* [Extracted records]

------------------------------------------------------------------------

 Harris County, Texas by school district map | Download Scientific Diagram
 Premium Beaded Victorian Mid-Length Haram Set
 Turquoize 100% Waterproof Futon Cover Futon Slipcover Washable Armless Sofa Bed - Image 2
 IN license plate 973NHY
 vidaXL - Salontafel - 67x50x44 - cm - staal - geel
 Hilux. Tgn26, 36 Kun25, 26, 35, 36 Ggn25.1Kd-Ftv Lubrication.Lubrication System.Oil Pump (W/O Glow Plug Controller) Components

------------------------------------------------------------------------

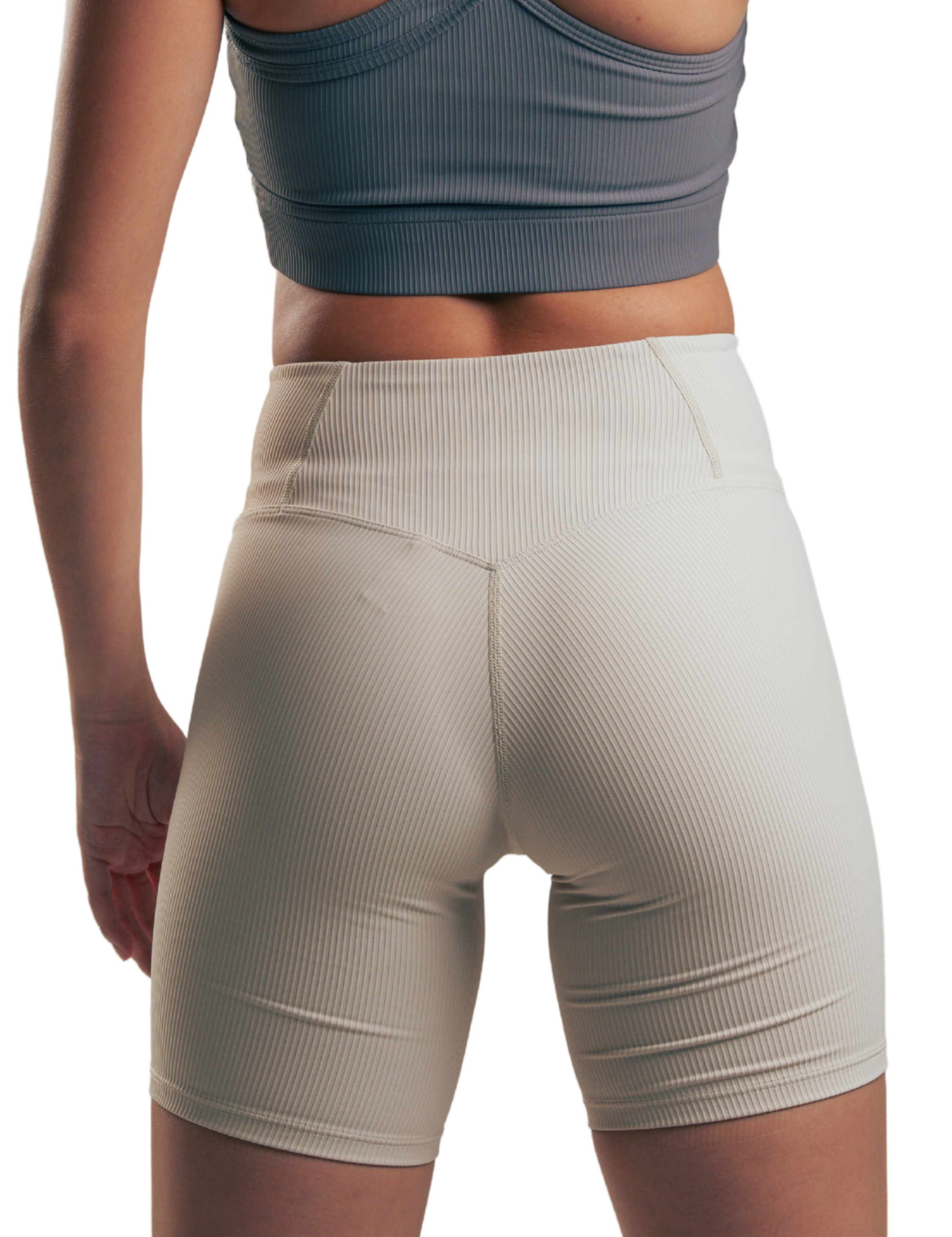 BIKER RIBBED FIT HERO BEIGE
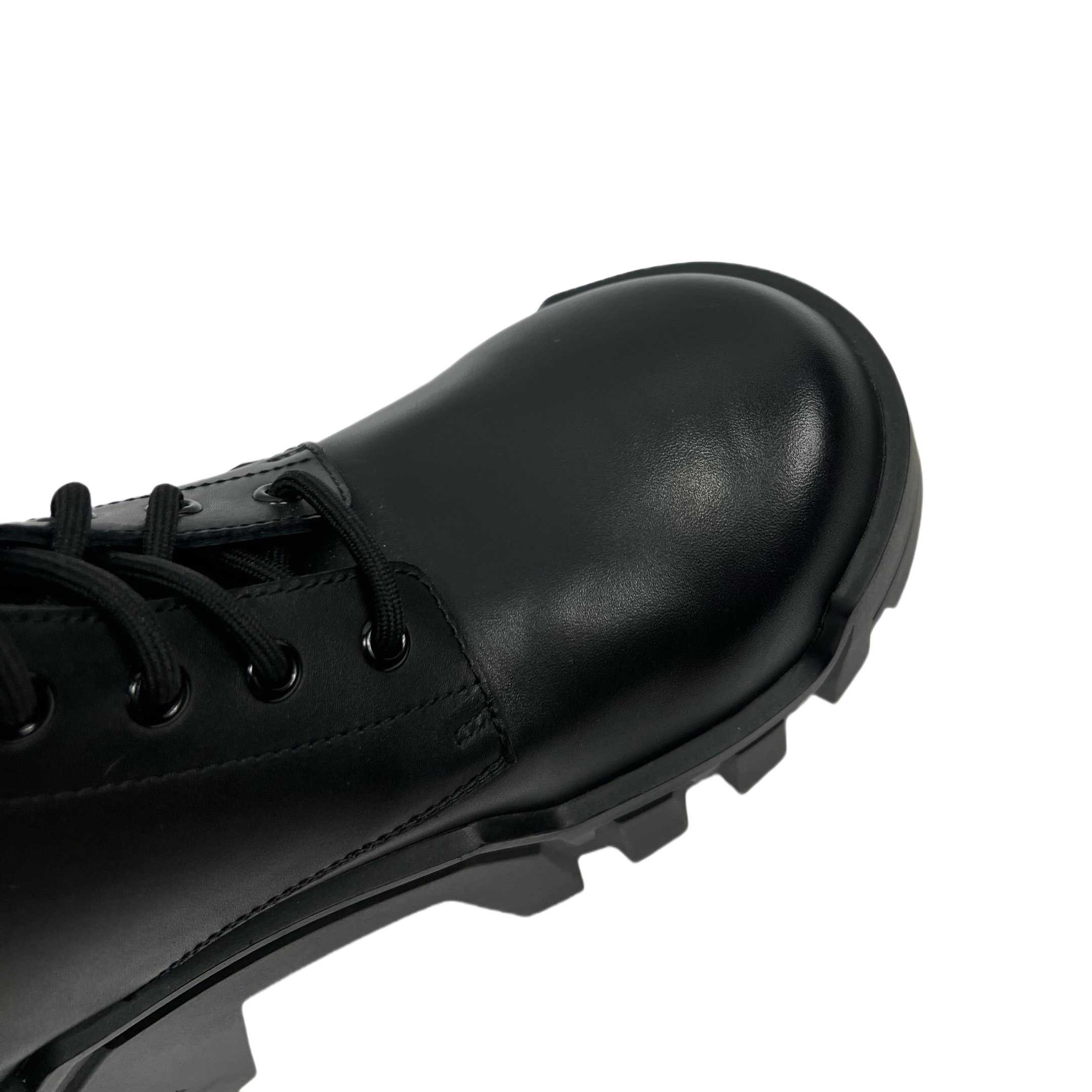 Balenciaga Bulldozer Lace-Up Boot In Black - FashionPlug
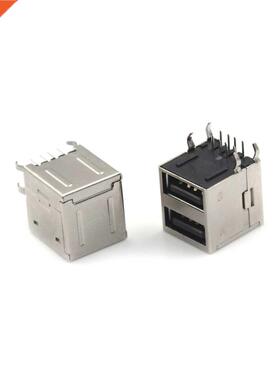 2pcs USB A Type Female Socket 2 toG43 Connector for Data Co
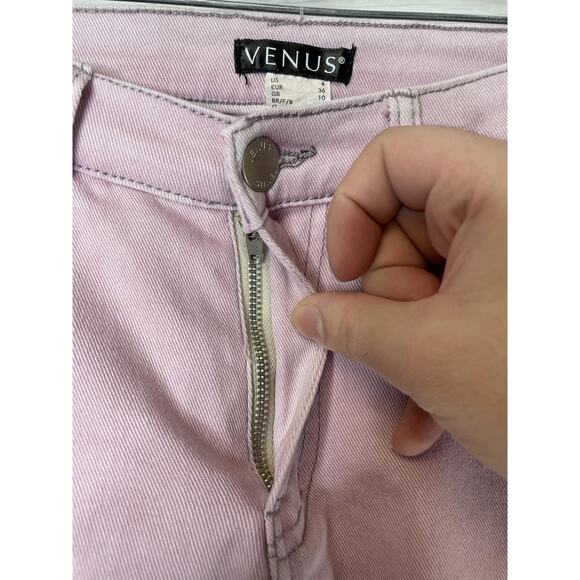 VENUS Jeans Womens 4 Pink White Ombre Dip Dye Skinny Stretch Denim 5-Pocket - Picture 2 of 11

------------------------------------------------------------------------

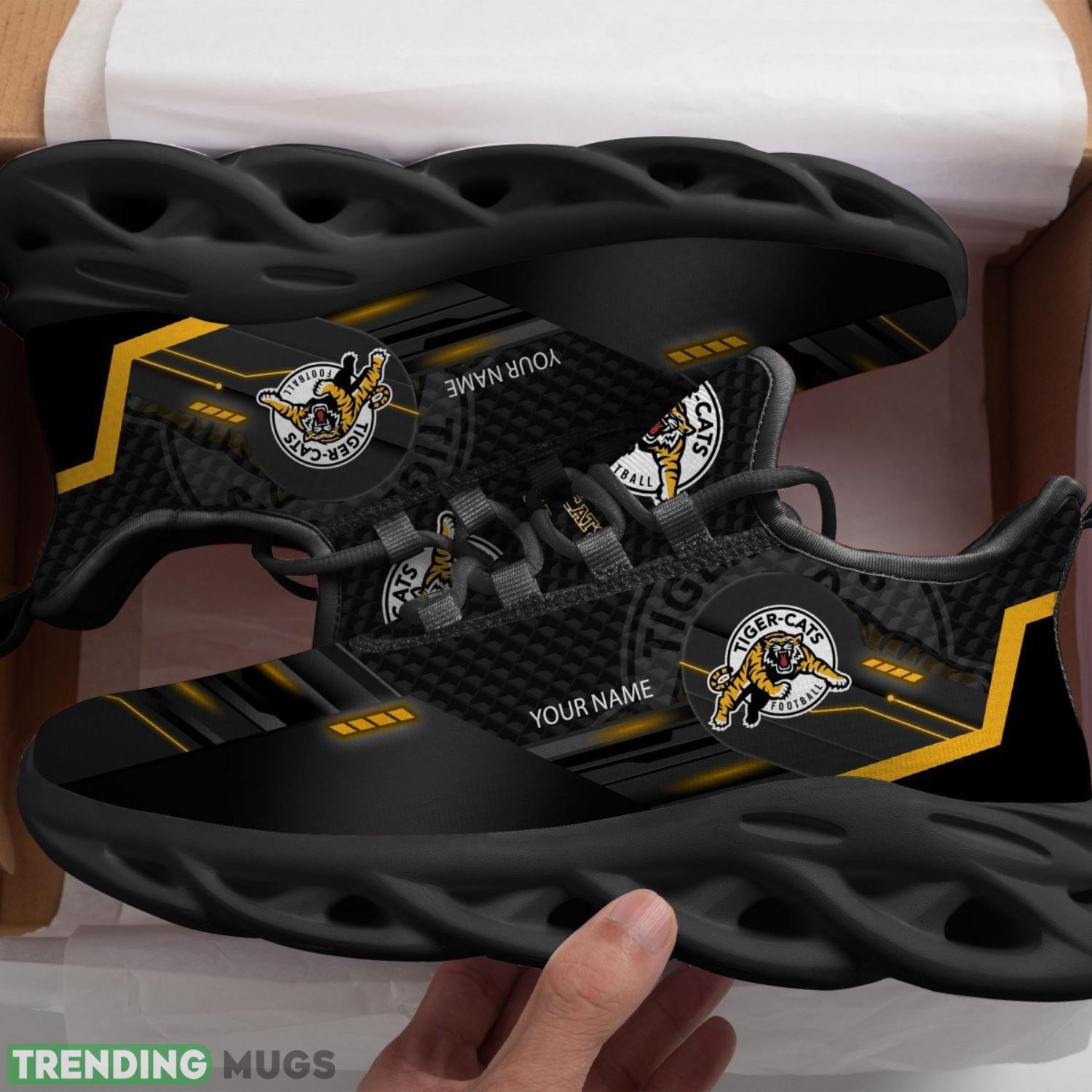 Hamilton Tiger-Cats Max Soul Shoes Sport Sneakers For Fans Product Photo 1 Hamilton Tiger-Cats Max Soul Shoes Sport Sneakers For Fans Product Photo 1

------------------------------------------------------------------------

* [Prompt]
Using the listing above, restate exactly the range between the lines holding "2pcs USB A Type" and "VENUS Jeans Womens", inclusive, with pictures left out.

* [Reply to the exercise]
 2pcs USB A Type Female Socket 2 toG43 Connector for Data Co
 VENUS Jeans Womens 4 Pink White Ombre Dip Dye Skinny Stretch Denim 5-Pocket - Picture 2 of 11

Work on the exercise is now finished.